The knives do hold up well in the dishwasher.  The rivets are (or at least were - I assume they haven't changed) made of a nickel silver alloy, as opposed to brass.  The alloy won't expand/contract at dishwasher temperatures like brass will, therefore, the handles won't loosen after a few cycles.

I would recommend doing some price shopping before the salesperson comes to your house.  As I recall, Cutco was expensive, but very competitive with the other high-reputation brands.  I don't know whether or not that's still the case, though I can't imagine much has changed.

A tip:  Your salesperson probably won't have much, if any, wiggle room on pricing, but back when I was doing this, we did have some ability to increase (within reason) the amount of freebies we threw into the deal.

I don't really care for the paring knife (it feels unbalanced), but the rest of them are outstanding.  In addition to various kitchen knives, I also own the hunting knife and the filet knife, and am extremely pleased with those, as well.

I've actually been waiting for someone I know to sell Cutco so I can purchase some more and have a complete set...

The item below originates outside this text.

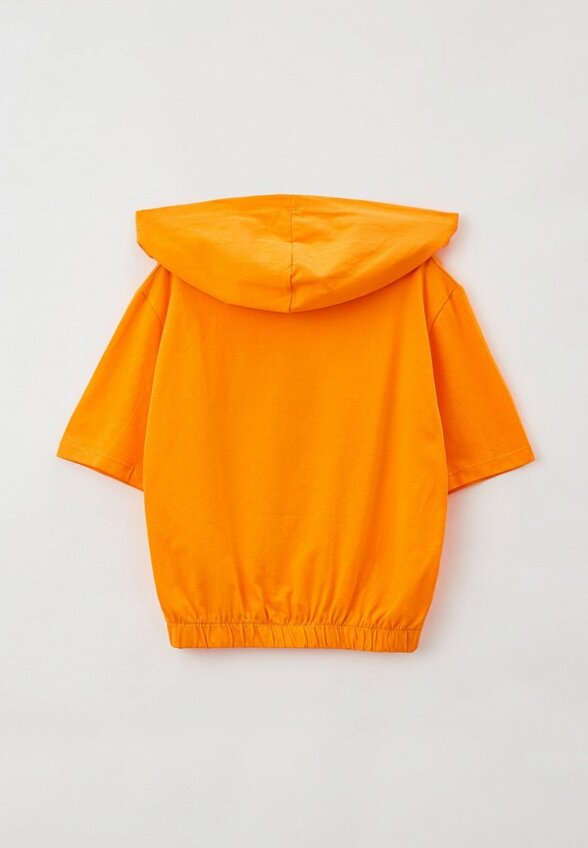 Футболка Locoloco All For Junior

A word to the wise - believe people when they tell you that these knives are sharp.  Dangerously so.  Never touch the blade with your finger, never toss one into a sink full of dishwater and inadvertently grasp the blade fishing it back out, and be very careful washing/drying them...


----------



## pwrshift (Aug 3, 2007)

I got suckered into buying from a friend's daughter several years ago.  The demo was sawing a rope in half ... first you try it with your own knives and then with the Cutco.  Impressive at the time.  I was told you never need to sharpen them and we didn't.  Progressively they got worse and worse and we never use them now.  But somehow, after reading this thread, I got them out and they still cut rope, but not much else.  

Brian


----------



## PigsDad (Aug 3, 2007)

Liz Wolf-Spada said:


> My son sold them after high school and we bought the set including the serving pieces and the  block holder. They were expensive, but have held up fantastically and we use them all the time. I thought they weren't supposed to go in the dishwasher. Wow, if I can do that, that would be great!
> Liz



We have had a set of knives with the black pearl handles for 10+ years, and have always put them in the dishwasher.  We have never had a problem, and they stay sharp.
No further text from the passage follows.